Preface

This account of the founding of Singapore is based largely on Raffles’s unpublished private letters to the Governor-General and Commander-in-Chief in India, Francis, 1st Marquess of Hastings, preserved in the Bute Collection at Mount Stuart, Isle of Bute, Scotland. The letters are to be distinguished from Raffles’s official despatches to the Supreme Government in Bengal, his private letters to Charlotte Seymour, Duchess of Somerset, and other documents in the British Library, as well as letters to his agent, John Tayler, and Henry Petty-Fitzmaurice, 3rd Marquess of Lansdowne, in the National Library Singapore.

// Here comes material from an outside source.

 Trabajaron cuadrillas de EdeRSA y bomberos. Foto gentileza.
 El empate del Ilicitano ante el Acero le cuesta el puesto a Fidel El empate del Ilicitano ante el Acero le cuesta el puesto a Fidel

The part played by Hastings in the founding of Singapore and his relationship with Raffles are essential themes of the book. The text follows the chronological sequence of Raffles’s letters to him, but in order to provide an explanation of their contents there is a brief introductory account of Raffles’s attempts to extend British political influence in Sumatra since it was the rejection of these plans by Lord Hastings, and the adoption of an alternative policy of securing British power in the Straits of Melaka, which led to the founding of Singapore.

The book contains a good deal of original documentation, but it does not pretend to offer a comprehensive account of the founding of Singapore since it omits all reference to the correspondence between Lord Hastings and the Governor-General of the Netherlands India, Baron G.A.G.P. van der Capellen, as well as details of the protracted negotiations between the British and Netherlands governments which led to the Treaty of London in 1824 and the recognition of Singapore as a British possession. These subjects have been examined by the Dutch scholar P.H. van der Kemp in his numerous publications, and by Harry J. Marks in his monograph, The First Contest for Singapore 1819–1824 (The Hague, 1959).

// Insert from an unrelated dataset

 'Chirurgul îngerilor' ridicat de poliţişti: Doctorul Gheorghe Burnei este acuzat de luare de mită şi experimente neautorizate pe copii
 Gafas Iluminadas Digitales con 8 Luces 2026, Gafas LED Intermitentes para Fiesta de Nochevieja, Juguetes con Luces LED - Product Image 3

I wish to thank John, Marquess of Bute, for granting me permission to publish Raffles’s private letters to the Marquess of Hastings in the Bute Collection at Mount Stuart, and Mr. Andrew McLean, former Head of Collections at Mount Stuart, and Miss Lynsey Nairn, Collections Assistant, for their help. I also wish to express my gratitude to the British Library for permission to quote from Raffles’s letters to Charlotte Seymour, Duchess of Somerset, and the National Library Singapore for permission to publish Raffles’s letters to Lord Lansdowne and John Tayler.